#### [What you should do]
What you write must match the records exactly, except for the images, which are left out.
[[ Dataset open ]]
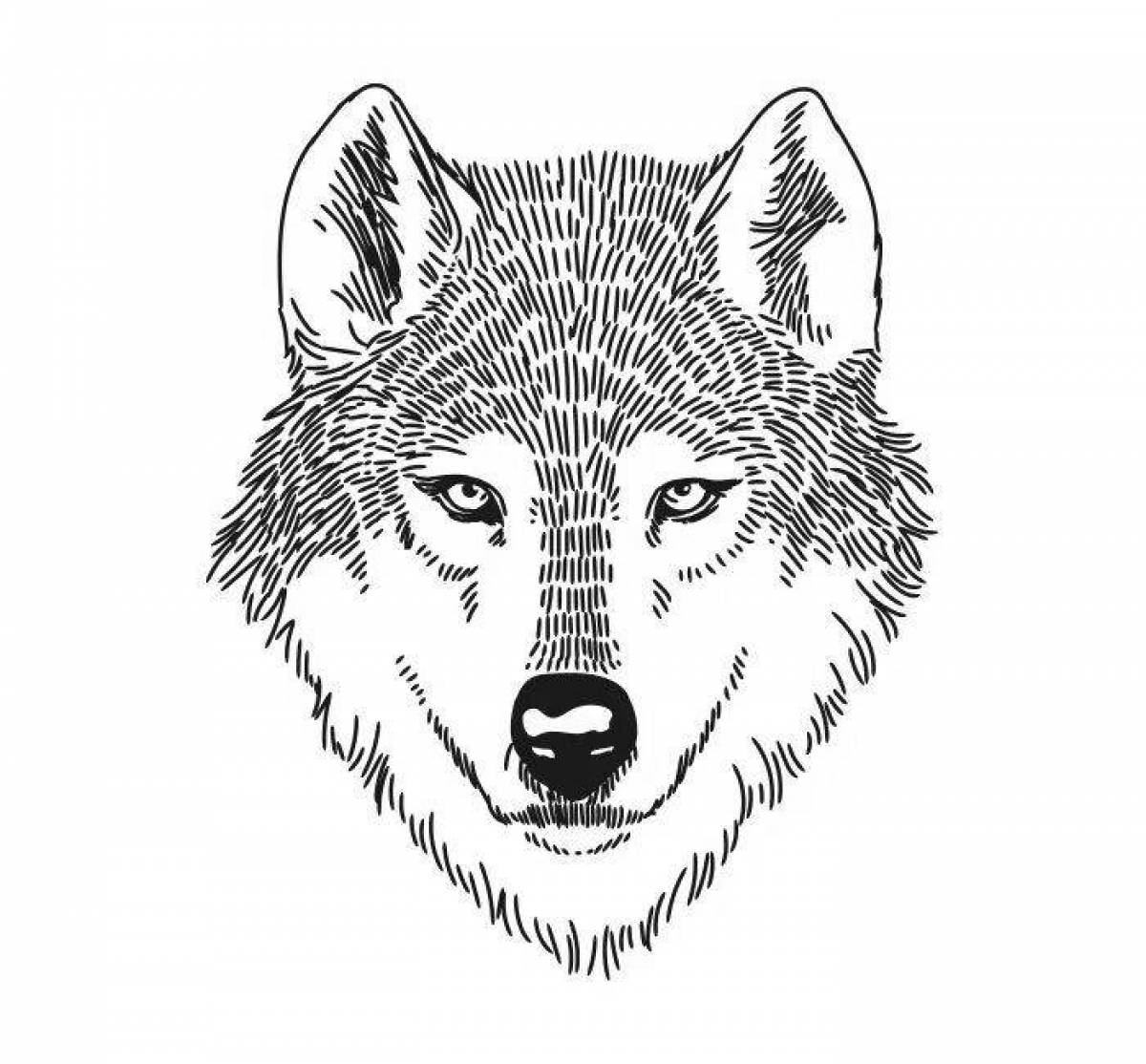 Impressive wolf head coloring book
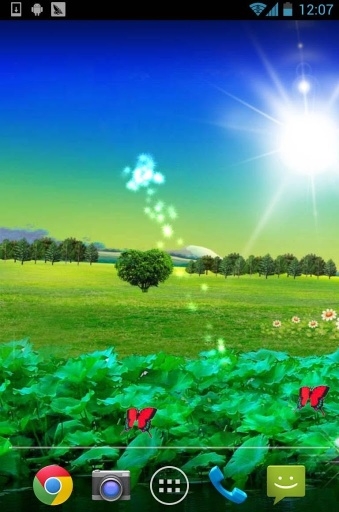 荷花壁纸下载最新版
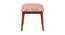 Jodhpur Bench Small - Earthy Florals Peach (Polished Finish) by Urban Ladder - Design 1 Side View - 554648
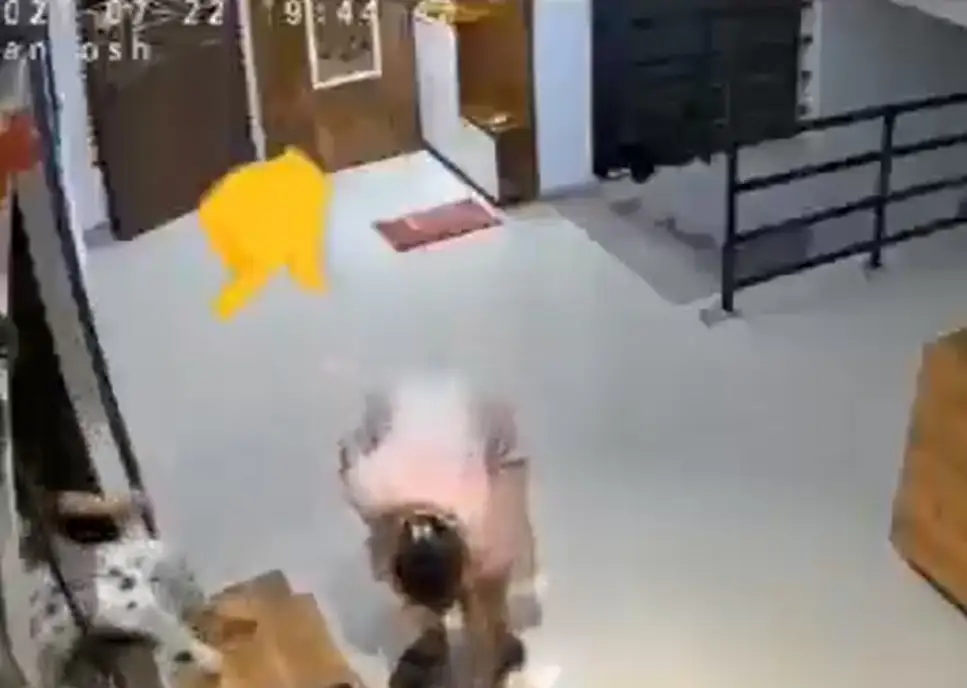 Menor cae desde el piso 12 de un edificio en India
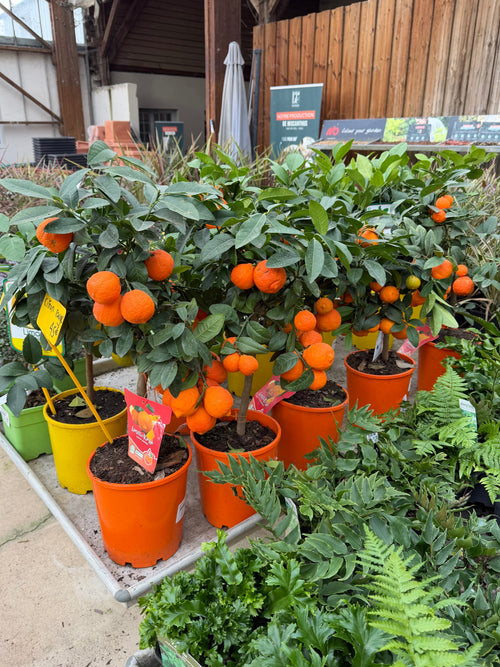 Citronnier Lime Rouge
[[ Dataset closed ]]
#### [Written reply]
 Impressive wolf head coloring book
 荷花壁纸下载最新版
 Jodhpur Bench Small - Earthy Florals Peach (Polished Finish) by Urban Ladder - Design 1 Side View - 554648
 Menor cae desde el piso 12 de un edificio en India
 Citronnier Lime Rouge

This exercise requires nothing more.